If a city council in California wants to abandon the at-large method of electing councilmembers in favor of district elections, it should be able to do so without having to go to the voters. At least that's what state Senator Anthony Cannella is attempting to accomplish with his Senate Bill 493, which made its first committee hurdle last week.

Cannella is trying to spare cities the cost of an election when they are a moot point in this case; cities are forced to adopt district elections if voters reject district elections.

Cities, school districts and special districts are being forced to go with district elections as the result of lawsuits by minority groups who see them as a way of getting Latino and other candidates of protected classes elected to office.

On Monday, the Ceres City Council ordered an election for Nov. 4 to decide if Ceres needs to go to district elections.

SB 493 will allow city councils to approve an ordinance that changes its election method from at-large to district representation. Currently, this can only be done through expensive elections which are often held under threat of lawsuit. The city of Modesto fought the change and spent about $2 million fighting a lawsuit and had to switch any way.

Cannella has been watching the drama unfold in Ceres, which has scheduled an election for November to see if voters approve of district elections. The council was told by a consultant that if voters reject the measure, the city still can be sued by groups who claim the city is violating the 2002 California Voting Rights Act.

The act makes it easy for groups to sue cities who don't ditch at-large elections. Consultant Doug Johnson, president of the National Demographics Corporation of Glendale, explained why Ceres and other cities and school districts are being forced to abandon at-large methods of selecting council members. He said the state's poorly-written act sets up cities for multi-million dollar lawsuits if they don't go to district elections regardless if there is no evidence of voting polarity.

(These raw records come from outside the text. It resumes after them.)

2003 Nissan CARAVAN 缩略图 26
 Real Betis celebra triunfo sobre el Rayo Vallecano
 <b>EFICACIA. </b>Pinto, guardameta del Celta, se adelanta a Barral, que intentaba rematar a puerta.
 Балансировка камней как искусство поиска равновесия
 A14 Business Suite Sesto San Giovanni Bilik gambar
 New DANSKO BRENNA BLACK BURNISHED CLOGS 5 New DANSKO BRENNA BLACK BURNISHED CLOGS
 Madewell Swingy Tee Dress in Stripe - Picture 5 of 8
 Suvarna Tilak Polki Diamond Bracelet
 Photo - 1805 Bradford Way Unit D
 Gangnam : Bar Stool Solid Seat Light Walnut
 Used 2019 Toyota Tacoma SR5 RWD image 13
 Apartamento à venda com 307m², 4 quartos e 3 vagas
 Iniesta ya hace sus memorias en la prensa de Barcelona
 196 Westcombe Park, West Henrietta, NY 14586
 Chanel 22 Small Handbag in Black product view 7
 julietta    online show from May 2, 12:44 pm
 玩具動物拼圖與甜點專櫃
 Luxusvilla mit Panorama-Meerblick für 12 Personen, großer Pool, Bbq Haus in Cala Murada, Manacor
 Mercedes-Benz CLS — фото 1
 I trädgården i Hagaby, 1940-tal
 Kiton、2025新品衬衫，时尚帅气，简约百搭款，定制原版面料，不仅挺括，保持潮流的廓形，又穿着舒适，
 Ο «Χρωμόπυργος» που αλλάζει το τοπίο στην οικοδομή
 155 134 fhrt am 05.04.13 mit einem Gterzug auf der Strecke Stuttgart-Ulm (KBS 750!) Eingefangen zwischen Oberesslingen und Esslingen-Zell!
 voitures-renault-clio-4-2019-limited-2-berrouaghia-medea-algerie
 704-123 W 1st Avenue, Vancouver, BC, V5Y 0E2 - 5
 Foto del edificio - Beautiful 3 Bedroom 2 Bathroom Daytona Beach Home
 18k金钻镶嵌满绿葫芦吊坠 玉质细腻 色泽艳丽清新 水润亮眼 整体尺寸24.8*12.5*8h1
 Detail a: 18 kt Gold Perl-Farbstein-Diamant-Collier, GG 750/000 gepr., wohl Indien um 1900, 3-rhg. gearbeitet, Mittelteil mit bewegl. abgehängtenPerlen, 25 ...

Johnson said going to district elections "is not an admission of guilt" that candidates of a "protected class" have been disadvantaged in getting elected to office.

"It's the federal law that governs how the lines are drawn and really what it says is if you have a neighborhood that is heavily, what the law calls a protected class - so Latinos, African-Americans, Native Americans or Asian-Americans, any of those four groups - you can't divide it in a way that would reduce their ability to elect their preferred candidates. You also can't draw the lines to pack all Latinos into one seat if they're spread out or if there's enough to have a lot of influence on two seats."

Cannella's bill was heralded by Maggie Mejia, president of the Latino Community Roundtable.

"This bill will save cities and taxpayers time and money by stopping costly lawsuits before they start," she said.